Because of such limitations, there is a risk that material misstatements may not be prevented or detected on a timely basis by internal control over financial
reporting. However, these inherent limitations are known features of the financial reporting process. Therefore, it is possible to design into the process
safeguards to reduce, though not eliminate, this risk.
Changes in Internal Control over Financial Reporting
There have been no significant changes in our internal control over financial reporting during the most recent fiscal quarter that have materially
affected, or are reasonably likely to materially affect, our internal control over financial reporting.
Attestation Report of Independent Registered Public Accounting Firm
REPORT OF INDEPENDENT REGISTERED PUBLIC ACCOUNTING FIRM
The Stockholders and Board of Directors
TiVo Inc.:
We have audited management's assessment, included in the Management Report on Internal Control over Financial Reporting, that TiVo Inc. and
subsidiaries (the "Company") maintained effective internal control over financial reporting as of January 31, 2005, based on criteria established in Internal
Control — Integrated Framework issued by the Committee of Sponsoring Organizations of the Treadway Commission (COSO).
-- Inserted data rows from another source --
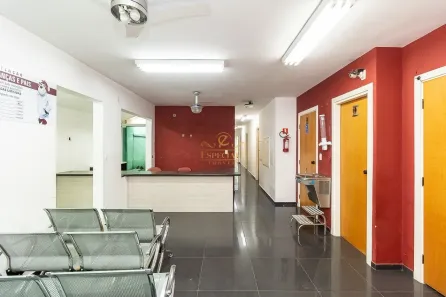 Imóvel Comercial à venda, 205m² no Água Verde, Curitiba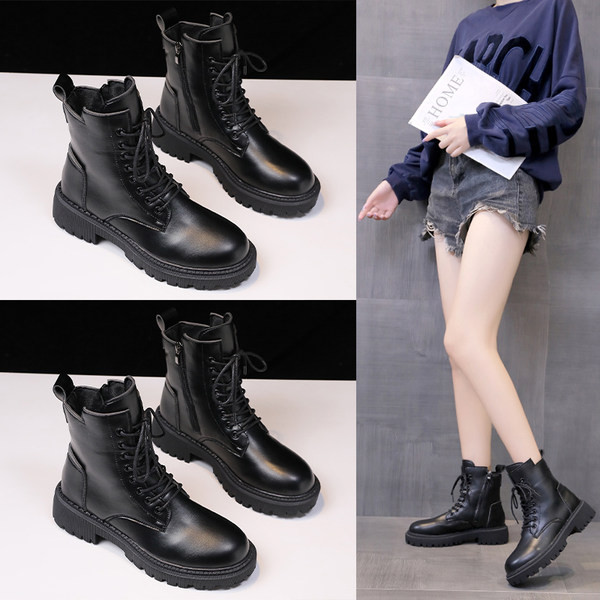 Cizme de dama cu talpa aspra - culoare neagra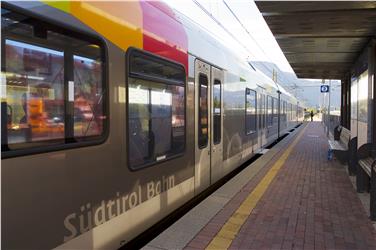 Am zweiten Wochenende im Dezember werden in Europa die Zugfahrpläne und in Südtirol auch die Busfahrpläne aktualisiert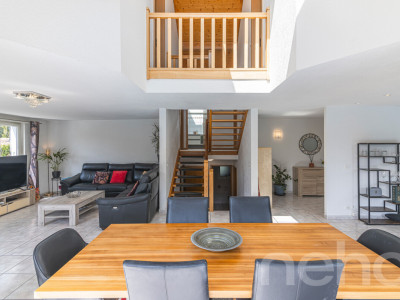 VILLA D?ARCHITECTE AVEC PISCINE DANS UN ÉCRIN DE VERDURE TRANQUILLE image 12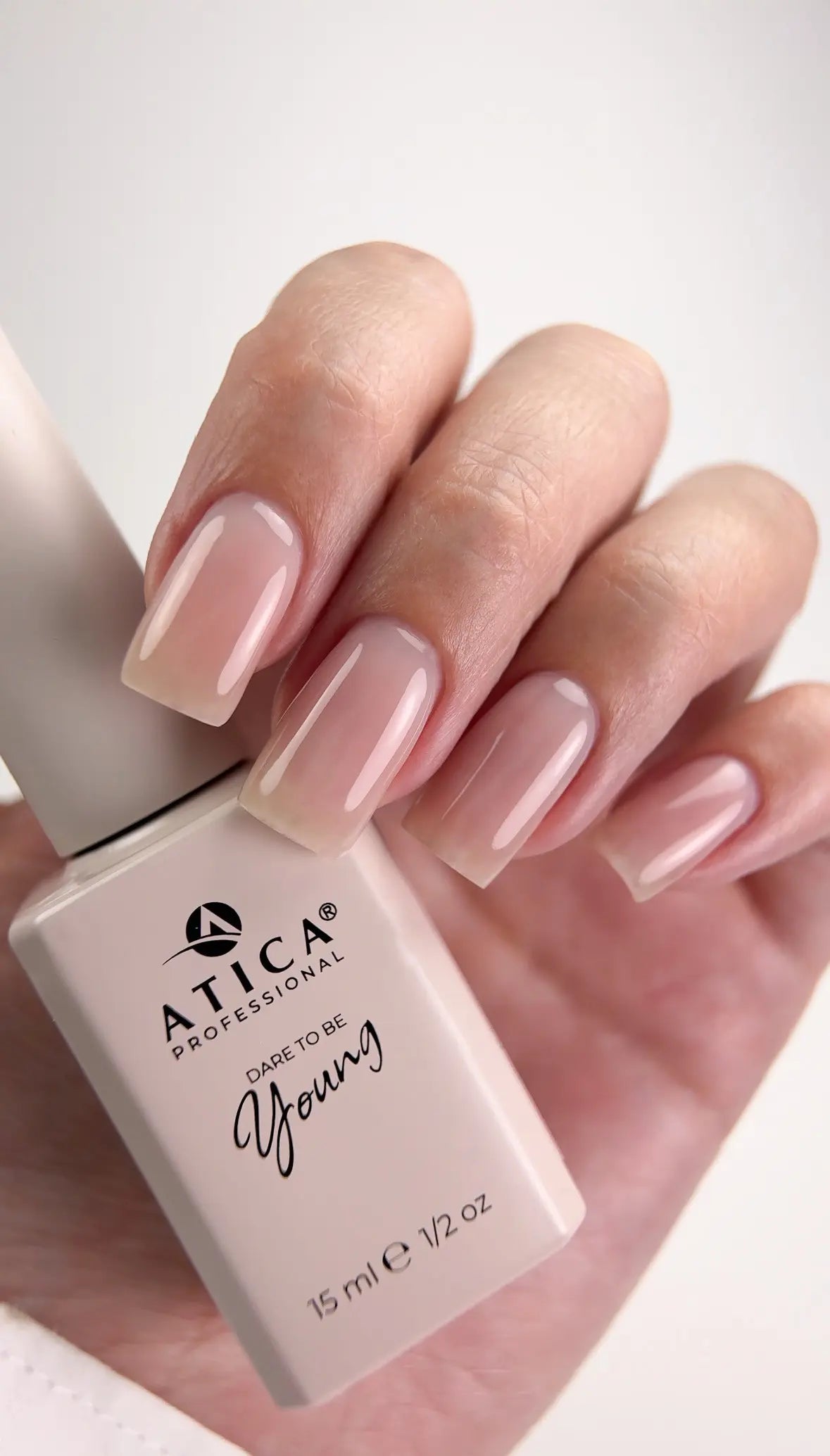 Atica Liquid Polygel - 03 Linen Shimmer 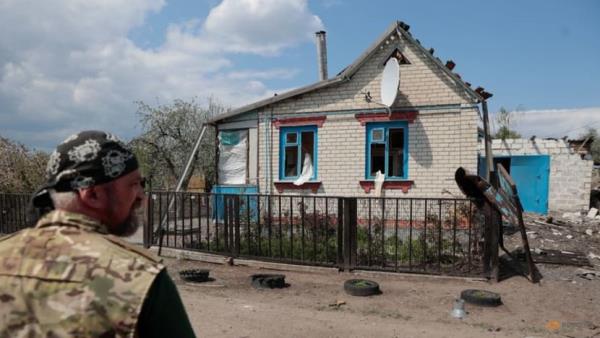 俄罗斯进攻摧毁乌克兰东部城镇，欧盟准备实施石油制裁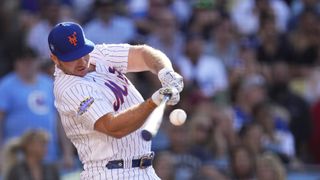 Pete Alonso batting in the MLB Home Run Derby live stream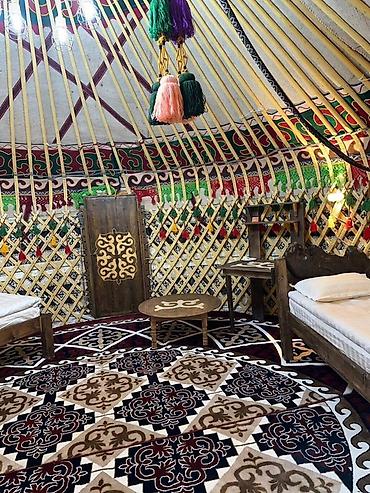 Посуточная аренда квартир: Современные, уютные, теплые юрты 😍
Писать на вотсап — 4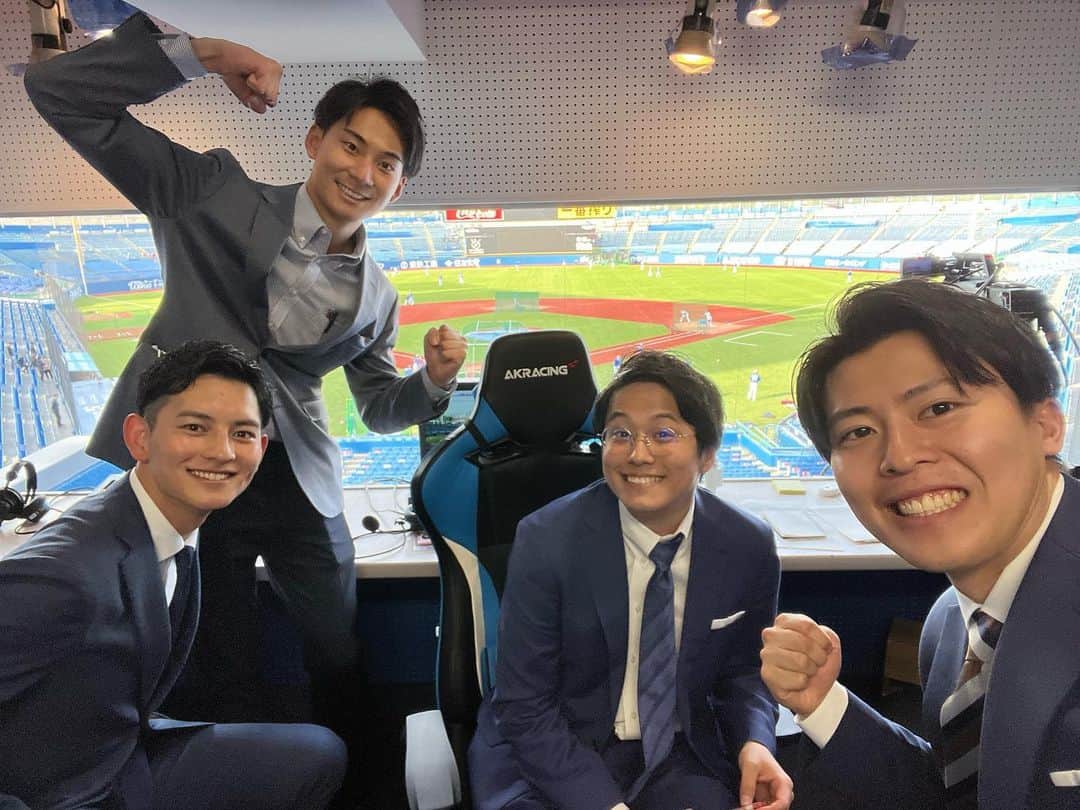 のインスタグラム：「. 野球班⚾️  2連戦で実況担当した黒瀬アナ、今湊アナ。 インタビュー担当の勝野アナ。 取材をさせて頂いた大川。  今シーズンも実況、取材、インタビューなど精一杯取り組みます！  #プロ野球  #黒瀬翔生 #今湊敬樹  #勝野健  #大川立樹 #swallows #ヤクルトスワローズ」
The Company's management
is responsible for maintaining effective internal control over financial reporting and for its assessment of the effectiveness of internal control over financial
reporting. Our responsibility is to express an opinion on management's assessment and an opinion on the effectiveness of the Company's internal control over
financial reporting based on our audit.
We conducted our audit in accordance with the standards of the Public Company Accounting Oversight Board (United States). Those standards require
that we plan and perform the audit to obtain reasonable assurance about whether effective internal control over financial reporting was maintained in all
material respects. Our audit included obtaining an understanding of internal control over financial reporting, evaluating management's assessment, testing and
evaluating the design and operating effectiveness of internal control, and performing such other procedures as we considered necessary in the circumstances.
We believe that our audit provides a reasonable basis for our opinion. A company's internal control over financial reporting is a process designed to provide
reasonable assurance regarding the reliability of financial reporting and the preparation of financial statements for external purposes in accordance with
generally accepted accounting principles. A company's internal control over financial reporting includes those policies and procedures that (1) pertain to the
maintenance of records that, in reasonable detail, accurately and fairly reflect the transactions and dispositions of the assets of the company; (2) provide
reasonable assurance that transactions are recorded as necessary to permit preparation of financial statements in accordance with generally accepted
accounting principles, and that receipts and expenditures of the company are being made only in accordance with authorizations of management and directors
of the company; and (3) provide reasonable assurance regarding prevention or timely detection of unauthorized acquisition, use, or disposition of the
company's assets that could have a material effect on the financial statements.
Because of its inherent limitations, internal control over financial reporting may not prevent or detect misstatements. Also, projections of any evaluation
of effectiveness to future periods are subject to the risk that controls may become inadequate because of changes in conditions, or that the degree of
compliance with the policies or procedures may deteriorate.
In our opinion, management's assessment that TiVo Inc. maintained effective internal control over financial reporting as of January 31, 2005, is fairly
stated, in all material respects, based on criteria established in Internal Control — Integrated Framework issued by COSO. Also, in our opinion, TiVo Inc.
maintained, in all material respects, effective internal control over financial reporting as of January 31, 2005, based on criteria established in Internal Control
— Integrated Framework issued by COSO.